On the specific question of whether or not he needs to be called back on this motion to talk about the vote 40 items specifically for the Treasury Board, I think an argument could be made that it's not necessary. That's an argument I look forward to having after this motion passes. It's just a sign of how reasonable I think the opposition is being. Certainly the NDP is, but it could be that other opposition members on the committee are willing to indulge that argument as well, because they do care for the efficiency of our study process, after all.
I do want to say that. If members think that we're going to be calling back every minister who has already appeared at this committee, I would want to reassure them that it's not necessarily the case, because I do think a plausible argument could be mounted to the effect that the President of the Treasury Board does not have to come back specifically under this motion. As I say, having him come back for other reasons pertaining to the main estimates might be a very good idea.
I am concerned. It's in part why I raised the previous motion. I'm concerned that this committee—“Government Operations and Estimates” is in its name—do its due diligence and ensure a proper study of the estimates. I think the committee has to accept that it means doing certain things that are outside the norm because vote 40 is outside the norm. It makes sense when you have new initiatives. Also, it's new in two ways. It's new because the mechanism is new, but it's also new because we're operating under new standing order provisions. Not only are we being called upon to study vote 40, and not only are we being called upon to make assessments that I'm not sure this committee has ever really had to make before in that way, but we're also being asked to do it under a new regime.

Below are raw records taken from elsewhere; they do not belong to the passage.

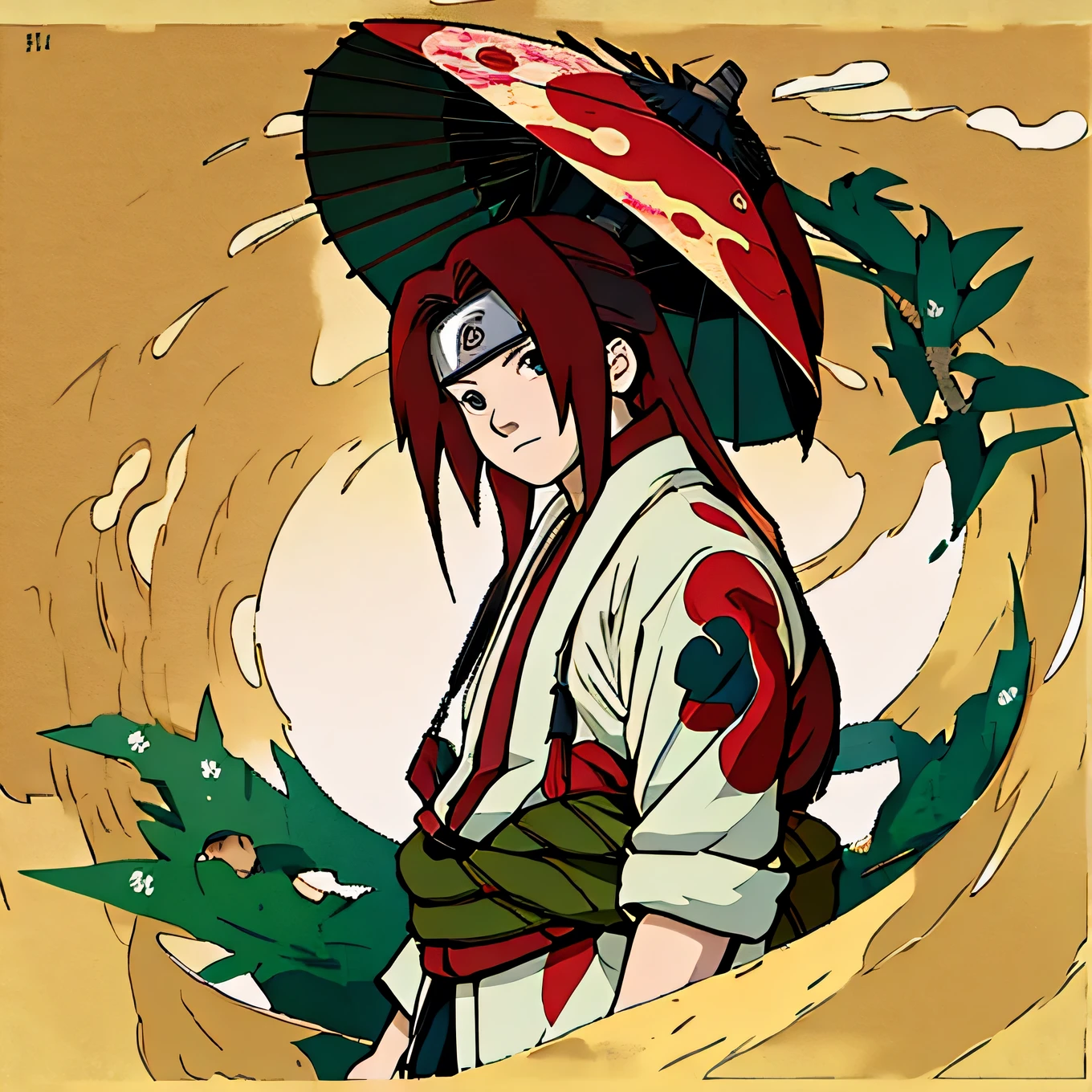 Photomontage of an original character with art in the style of the Naruto manga; a beautiful young Asian woman with long red hair wearing a dark flowery kimono holds an oriental umbrella made of bamboo 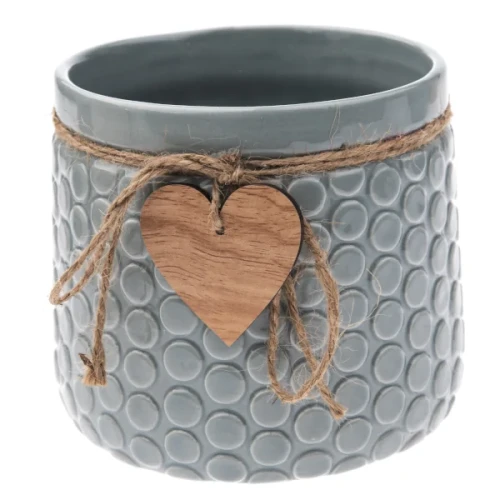 Osłonka ceramiczna Serca 12,5 x 13 x 13 cm (zielona)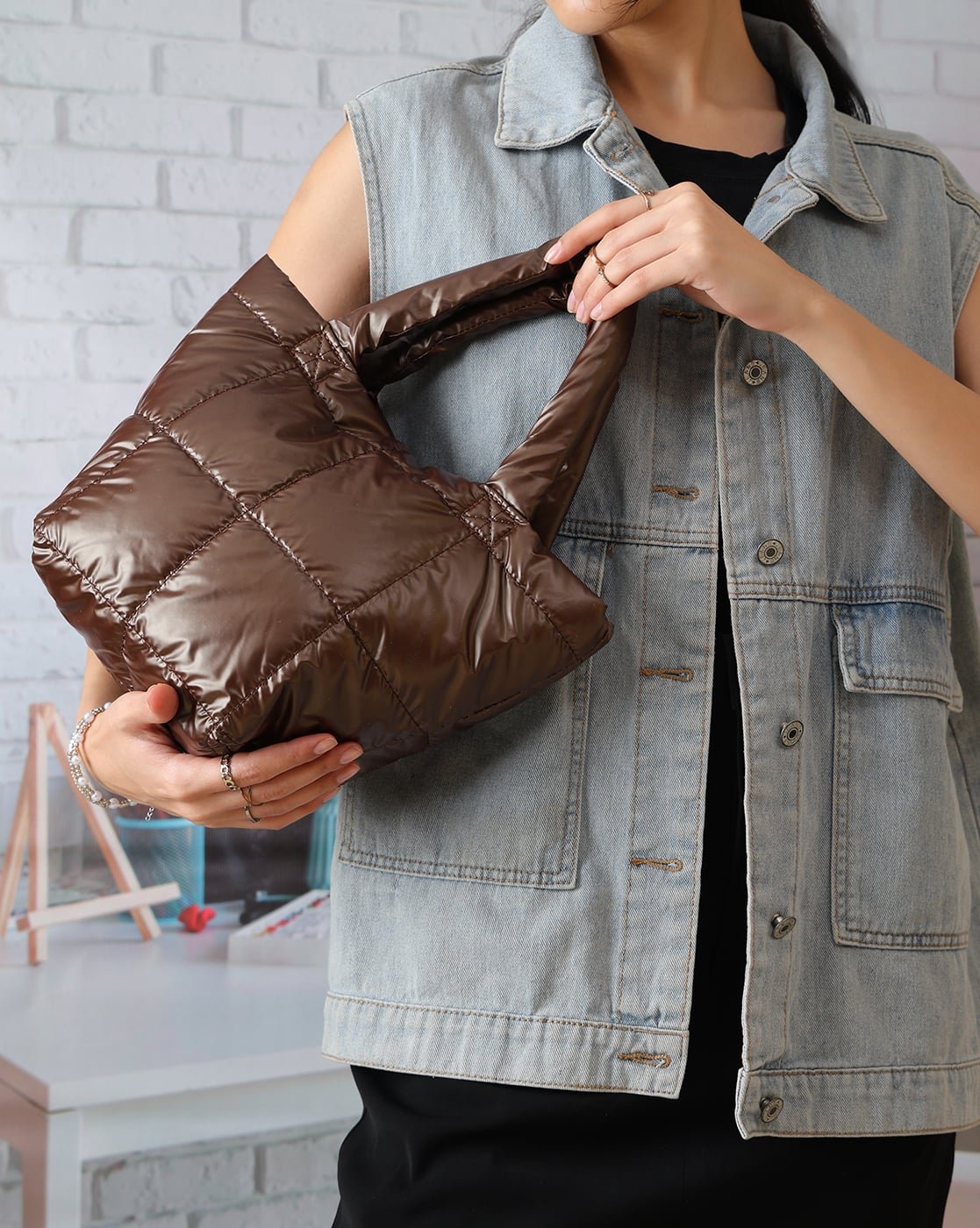 quilted-snap-mini-hobo-bag-brown-1 Quilted Snap Mini Hobo Bag in Brown, view 1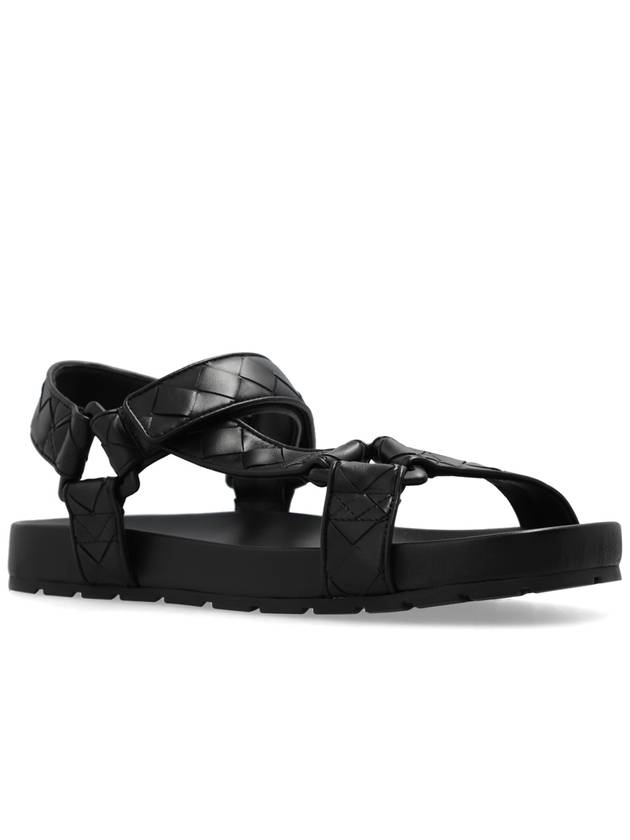 Trip Intrecciato Leather Sandals Black - BOTTEGA VENETA - BALAAN 5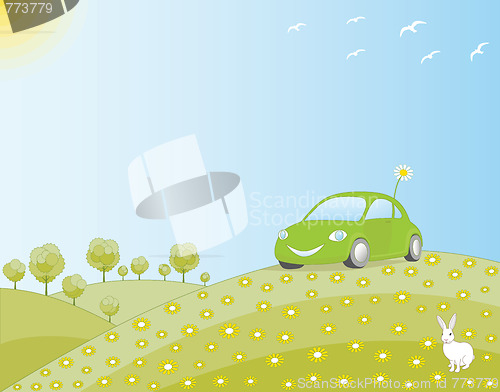 Image of Eco-friendly car in a green field
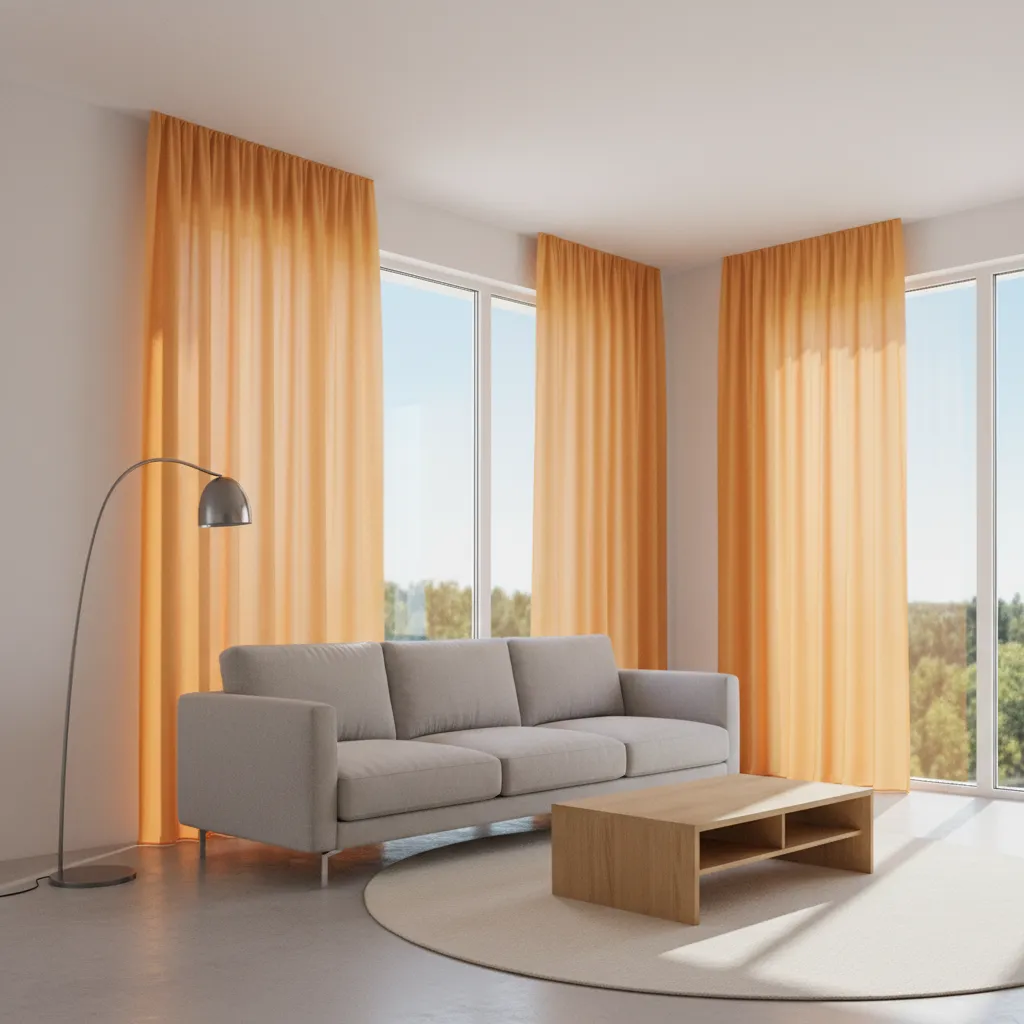 Bright orange curtains illuminated by strong sunlight in a modern living room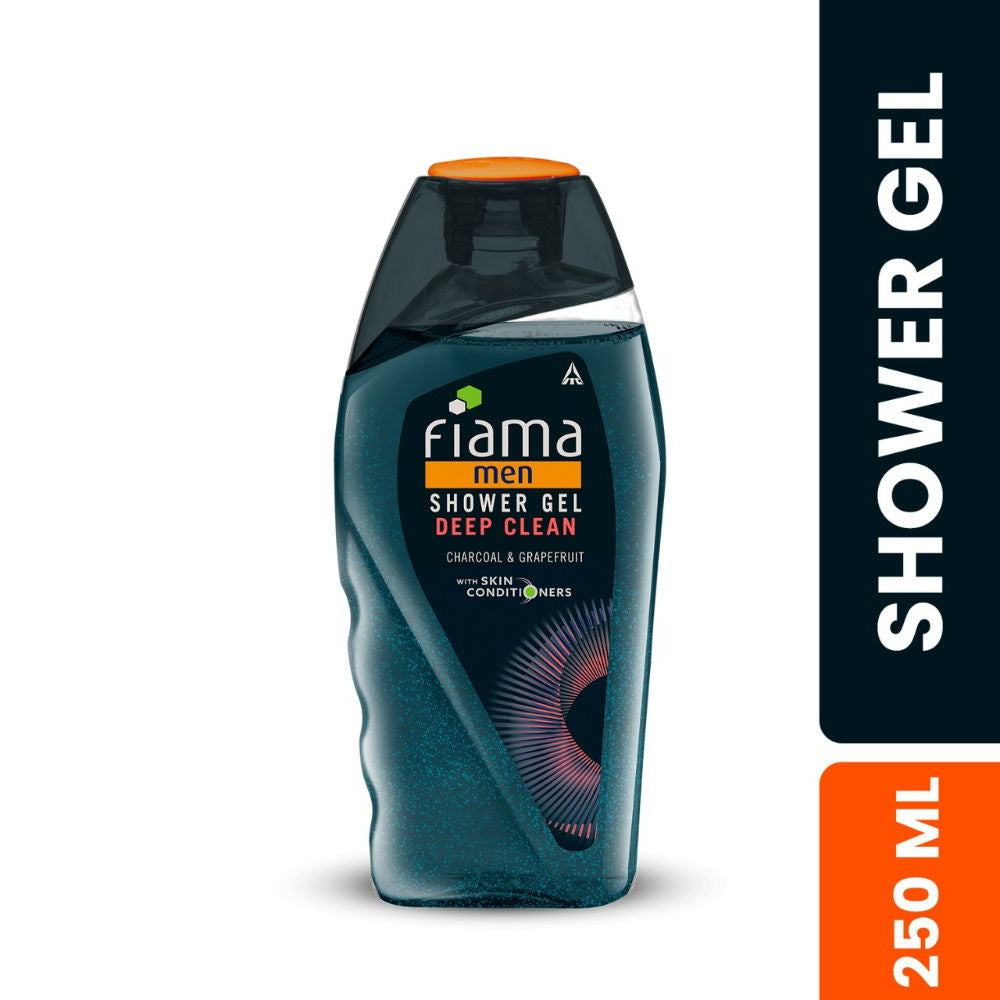 Men’s Shower Gel Deep Clean, Body Wash with Charcoal & Graperuit for Refreshed Skin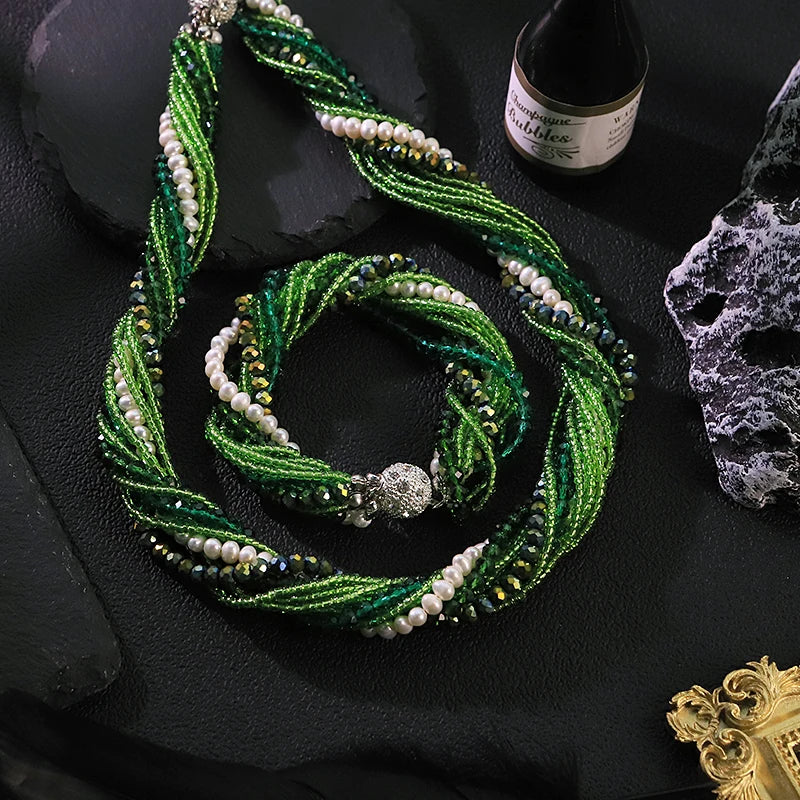Natural Freshwater Pearl Green Glass Bead Jewelry Set for Women Wedding Banquet Party Dainty Pearl Jewelry Set Luxury Jewelry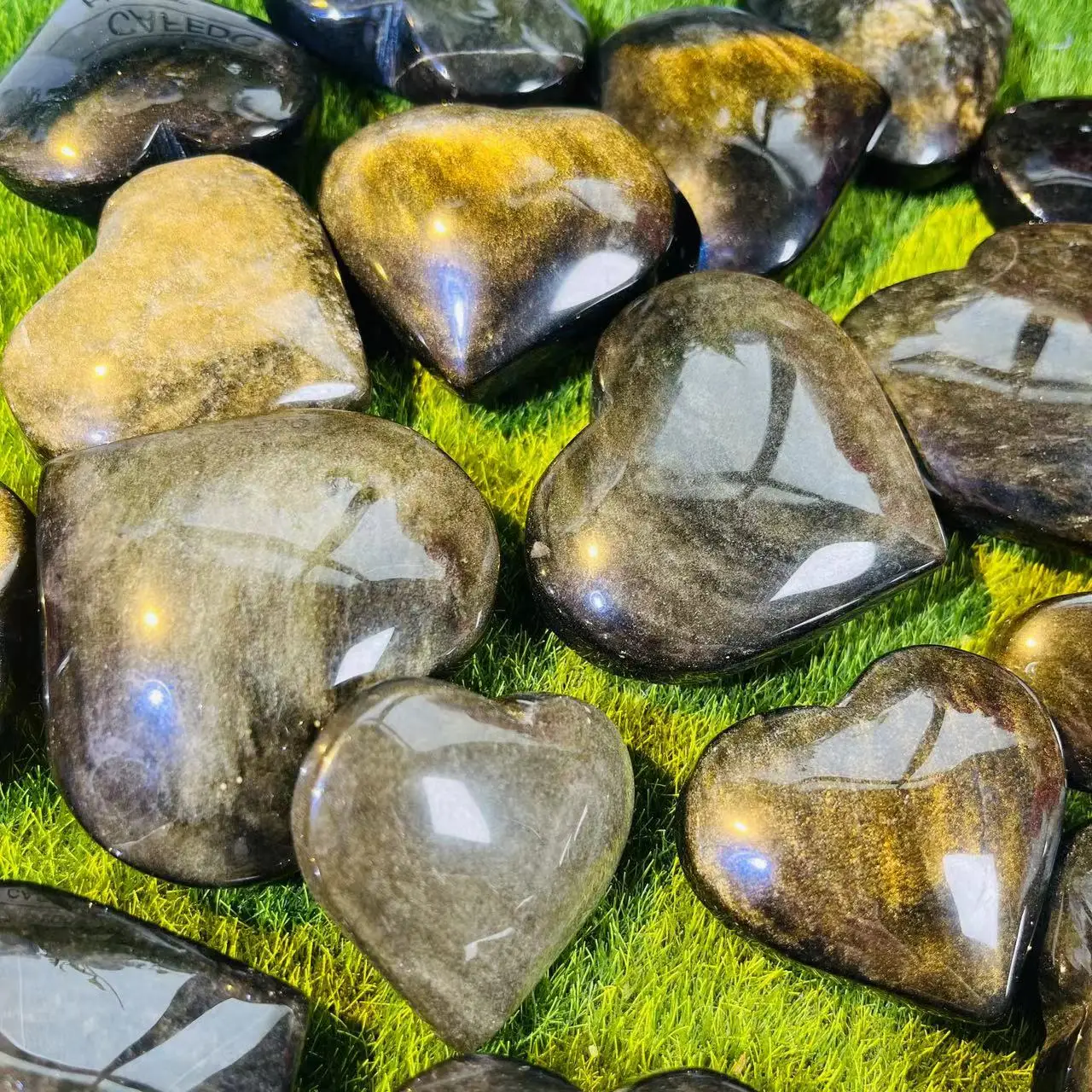 Wholesale Natural High Quality Golden Obsidian Heart Crystal Hearts  For Healing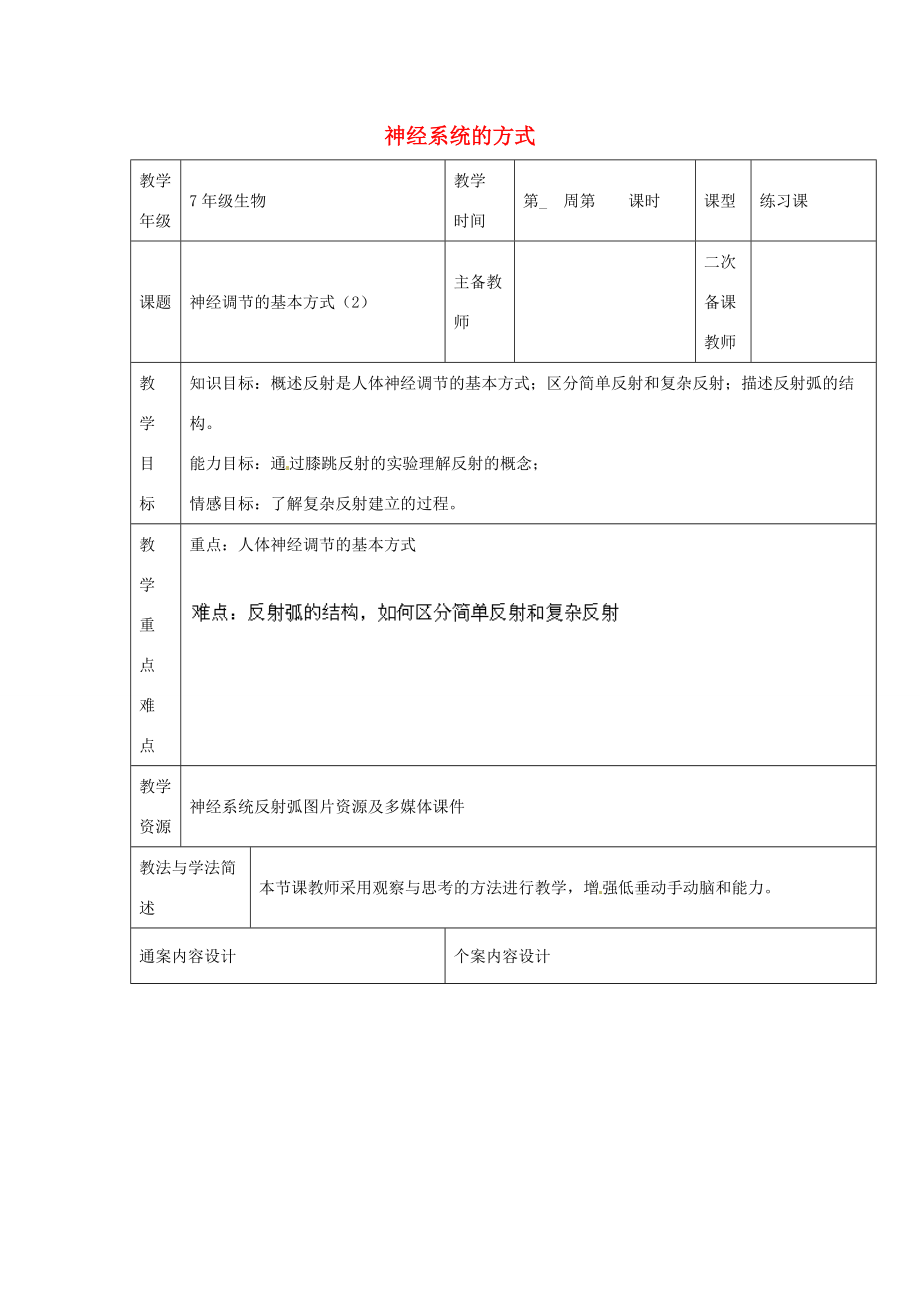 中学七年级生物下册 神经系统的基本方式教案.doc_第1页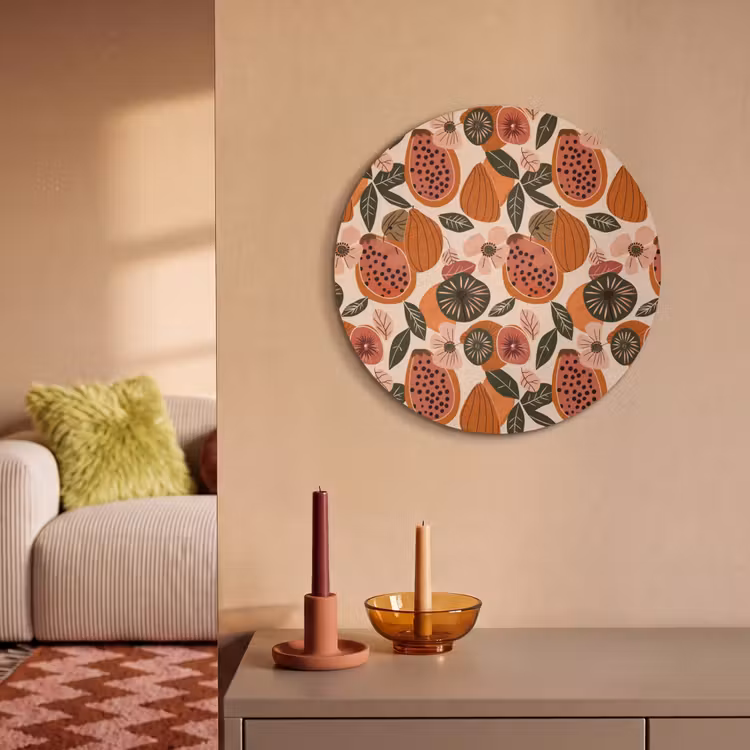 Akoestisch schilderij rond - Papaja - Bloesem - Oranje — 3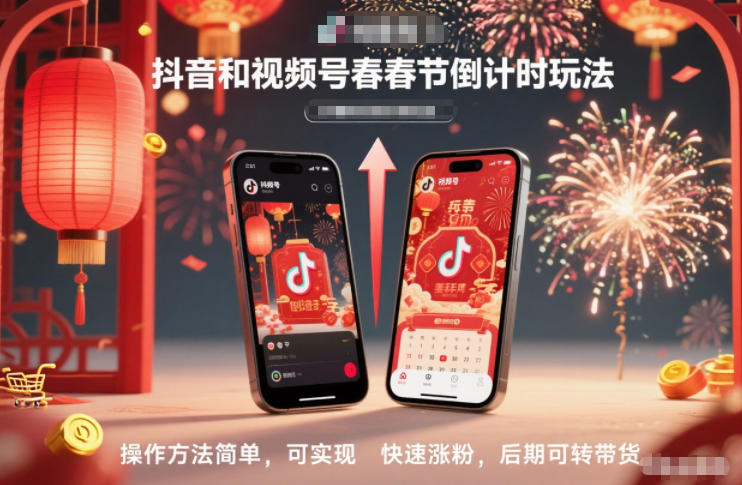 抖音和视频号,春节倒计时玩法,操作方法简单,可实现快速涨粉,后期可转带货-董叔项目网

I would remind members of the committee of what that new regime is. They're free to pull out their copy of the Standing Orders and consult it, of course. If they do, what they'll find is that normally the deadline for the main estimates to be tabled in the House was March 1. Every year, the estimates had to be tabled in the House by March 1.
Of course, as we've heard from the President of the Treasury Board, that did create some problems, because the budget usually didn't come out until the end of February. What it meant was that the people preparing the main estimates had no idea of what was going to be in the budget while they were preparing the estimates, so once the main estimates were presented, they didn't reflect any of the new budget priorities. There's been a lot of discussion in this Parliament and some negotiation between the parties on how to improve that process.
This is where I'm coming to how we're under a new process. In the course of those negotiations, one of the proposals was that an easy way to allow more time for those initiatives to be included in, I think we all believed, the main departmental estimates, was that we could delay that tabling date. It ended up being delayed about six weeks. Instead of March 1 being the deadline, it's April 16.
The idea was that the budget would be presented, and then the departments would know which of their proposed new budget initiatives...because we all know that departments have many ideas about what they would like to move forward with, and not everything makes it into the budget. Anybody who has worked in a government knows that.
To cut off any snarky comments, Mr. Chair, I would let you know that I have indeed worked in a government. Being from Manitoba where the NDP was in government for 17 years, I was an assistant to the minister of health. Anybody who has worked in a government will know, and even somebody who worked in a health ministry will know, you don't get everything you ask for.